Marie Barbera

Surrounded by her paintings, Marie Barbera stands in her 300-square-foot studio with Monty, her standard poodle. On the sculpture stand to the left is the maquette for a life-size fountain titled Cool From the Creek. Behind her are works in progress, including in the corner, Winter Wind on the Mesa and Tracker. southwest art
Surrounded by her paintings, Marie Barbera stands in her 300-square-foot studio with Monty, her standard poodle. On the sculpture stand to the left is the maquette for a life-size fountain titled Cool From the Creek. Behind her are works in progress, including in the corner, Winter Wind on the Mesa and Tracker.

By Raenell Hooten

In her studio overlooking San Pasqual Valley in Escondido, CA, Marie Barbera constructs personal visions of Native American history. Found here, along with bags of clay, armatures and sculpting tools, are Barbera’s most indispensable research tools: history books, biographies and collections of legends and lore. One wall of her studio is a virtual library of books collected during her travels throughout the United States.

Sculpting came naturally to Barbera, nee Marie Calabro [b1936]. Her father, who emigrated from Italy to the United States in 1915, made a living restoring architectural details and moldings on federal and state buildings. “There wasn’t much money to be made in restoration,” she says, “so we weren’t en-couraged to pursue art as a career.” Nevertheless, both Marie and her brother James went into art—yet nothing in her childhood years in New Jersey growing up amid cherubs and gargoyles would lead you to believe that her soul would be consumed by the history of Native Americans.
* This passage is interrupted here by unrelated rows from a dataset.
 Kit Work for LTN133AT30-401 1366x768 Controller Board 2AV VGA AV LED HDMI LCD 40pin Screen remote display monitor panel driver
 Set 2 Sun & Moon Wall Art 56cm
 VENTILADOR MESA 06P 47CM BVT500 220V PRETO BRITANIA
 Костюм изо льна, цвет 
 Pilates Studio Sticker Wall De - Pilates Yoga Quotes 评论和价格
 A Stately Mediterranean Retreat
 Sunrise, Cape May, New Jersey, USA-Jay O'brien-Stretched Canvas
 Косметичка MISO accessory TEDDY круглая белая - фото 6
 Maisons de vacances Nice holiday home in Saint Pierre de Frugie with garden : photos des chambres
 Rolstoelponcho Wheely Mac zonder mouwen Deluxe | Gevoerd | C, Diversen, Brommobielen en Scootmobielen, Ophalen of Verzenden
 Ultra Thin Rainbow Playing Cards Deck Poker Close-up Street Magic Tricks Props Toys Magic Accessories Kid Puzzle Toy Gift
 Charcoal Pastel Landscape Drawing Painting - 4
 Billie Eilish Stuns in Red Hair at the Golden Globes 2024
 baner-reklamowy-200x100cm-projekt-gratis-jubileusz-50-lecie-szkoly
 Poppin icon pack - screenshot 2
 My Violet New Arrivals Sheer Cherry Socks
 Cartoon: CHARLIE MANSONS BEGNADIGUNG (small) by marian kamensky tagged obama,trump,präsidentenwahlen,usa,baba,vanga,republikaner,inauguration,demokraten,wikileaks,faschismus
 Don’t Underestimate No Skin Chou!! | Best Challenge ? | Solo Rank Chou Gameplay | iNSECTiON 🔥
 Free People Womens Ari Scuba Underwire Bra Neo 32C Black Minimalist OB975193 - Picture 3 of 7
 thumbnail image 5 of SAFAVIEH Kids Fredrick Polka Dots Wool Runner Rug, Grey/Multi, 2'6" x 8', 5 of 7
“Young Italian girls in the 1940s and ’50s were not exposed to western American art,” Barbera recalls. “I remember liking the idea of being a cowgirl, but I can’t explain how or why I identified so strongly with Native Americans. Even though art was always a part of my life, I wasn’t driven to create anything until I discovered the world of the Hopi, Navajo, Shoshone and Sioux Indians.”

They Dance the Dance, They Chant the Chant, bronze,  28 x 28, edition 30. sculpture, southwest art
They Dance the Dance, They Chant the Chant, bronze,  28 x 28, edition 30.

The defining moment for Barbera came when she and husband Frank moved to California in 1960 and shortly thereafter made a tour of the Southwest. “Frank had to drag me out of the galleries, especially those with Native American and Mexican art. I loved the colors, shapes and features of the people, and I found myself sketching Indians.”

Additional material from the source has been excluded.